With the heaviest part of the rainy season traditionally arriving in June and July, Safo emphasized that the country is running out of time, noting that the current level of destruction is happening dangerously ahead of schedule.
“I believe that until we’re able to unravel the cause, the flooding will continue coming every now and then. And the catch here is that you are not even in June yet. But yet we are seeing some enormous, you know, flooding and all of that. It means that if we don’t uncover the root cause and start dealing with it, we are going to be more—maybe everybody needs a kayak during this June/July at this point,” Safo warned.
He further pitched a community-led surveillance and enforcement strategy which he said can include a structural mechanism that pairs local citizens with state backing to catch offenders in the act and turn sanitation enforcement into a self-funding system.
“If you look at the number of people who are littering on a day, we should have a certain number of people who are also trying to combat them in a way. And I propose that we can have maybe 50 by community. Every community we can raise 50 active volunteers… whose job is to clean and to monitor,” he said.
Safo further demanded a decentralization of the task as part of efforts to ensuring accountability.
“If, for example, Bus Stop Boys is in charge of let’s say Weija community, we are cleaning and monitoring with the state back and we can now record people and send them to the right authorities, they get fined and those monies will be used to, you know, cater for those who are assisting to clean the environment,” he said.
The Bus Stop Boys leader called for aggressive, zero-tolerance financial penalties for local businesses and shop owners who fail to maintain their immediate surroundings, arguing that hitting polluters in their pockets is the quickest way to force a behavioral shift.

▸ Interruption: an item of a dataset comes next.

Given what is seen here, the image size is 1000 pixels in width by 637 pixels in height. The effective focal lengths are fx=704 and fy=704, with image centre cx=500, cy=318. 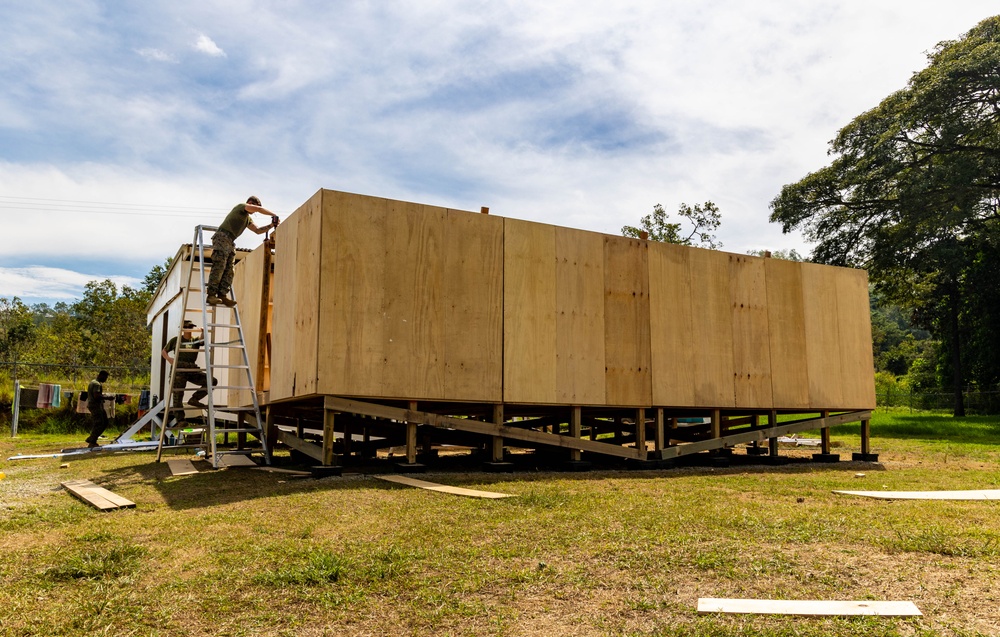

“When it comes to sanitation in itself, I think getting money for it, we can just look around us and get the money for it because we can say that ‘clean your frontage, if you don’t and the state cleans, maybe you pay 10 times the charges and your shops will be closed until you pay let’s say the amount that is due.’ If people realize that now they are losing profit for months because they need to pay maybe 10,000 cedis for the state cleaning their frontage, then they themselves will now wake up and begin to do what needs to be done,” he argued.